What is the pathway that determines the diurnal lag time between soil respiration and soil temperature?

Abstract

Soil respiration (Rs) is a critical component of the global carbon cycle in terrestrial ecosystems and is considered a function of soil temperature (Ts); however, Rs often shows a hysteresis effect with Ts. The mechanism causing this hysteresis pattern remains controversial, hindering our ability to accurately simulate and predict Rs in response to climate change. Here, a two-year field experiment was conducted to investigate the factors and pathways influencing the diurnal lag time between Rs and Ts (LTTs−Rs); we used an automatic chamber continuous measurement of Rs combined with 3 levels of precipitation manipulation: −30 % (P − 30), +0% (CK), +30 % (P + 30) of ambient precipitation in rain-fed winter wheat (Triticum aestivum L.) and alfalfa (Medicago sativa L.) agroecosystems on the Loess Plateau, China.
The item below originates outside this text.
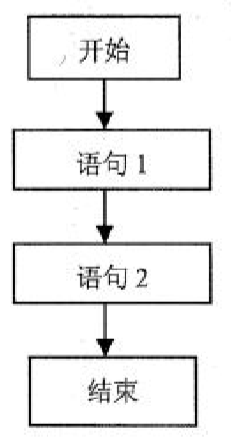 js使用java中的变量_js数据类型_08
The results indicated that the monthly average diurnal dynamic peak time of Rs always occurred prior to that of Ts. The LTTs−Rs ranged from 1 h to 8 h in winter wheat under the three precipitation treatments over two years. The range was similar in alfalfa under the CK and P + 30 treatments; however, in alfalfa, the value ranged from 1 h to 10 h under the P − 30 treatment. The LTTs−Rs value is determined by the direct pathway of photosynthetic product transport (the lag time between Rs and photosynthetically active radiation (PAR), LTRs−PAR) and the indirect pathway of heat transfer (the lag time between Ts and PAR, LTTs−PAR); that is, the LTTs−Rs is equal to the sum of the LTRs−PAR and LTTs−PAR. Moreover, the LTTs−PAR is equal to the sum of the lag time between air temperature (Ta) and PAR (LTTa−PAR) and the lag time between Ta and Ts (LTTs−Ta) in both winter wheat and alfalfa under the three precipitation treatments. Soil volume water content (VWC) affects LTTs−Rs by influencing the process (i.e., the transport process of heat and photosynthate) that comprises the LTTs−Rs. This is the first attempt to quantify the pathway processes that determine the LTTs−Rs and clarify the mechanism of the LTTs−Rs response to VWC. The results have important implications for our understanding of the LTTs−Rs production mechanisms and the accurate prediction of soil carbon emissions by future models.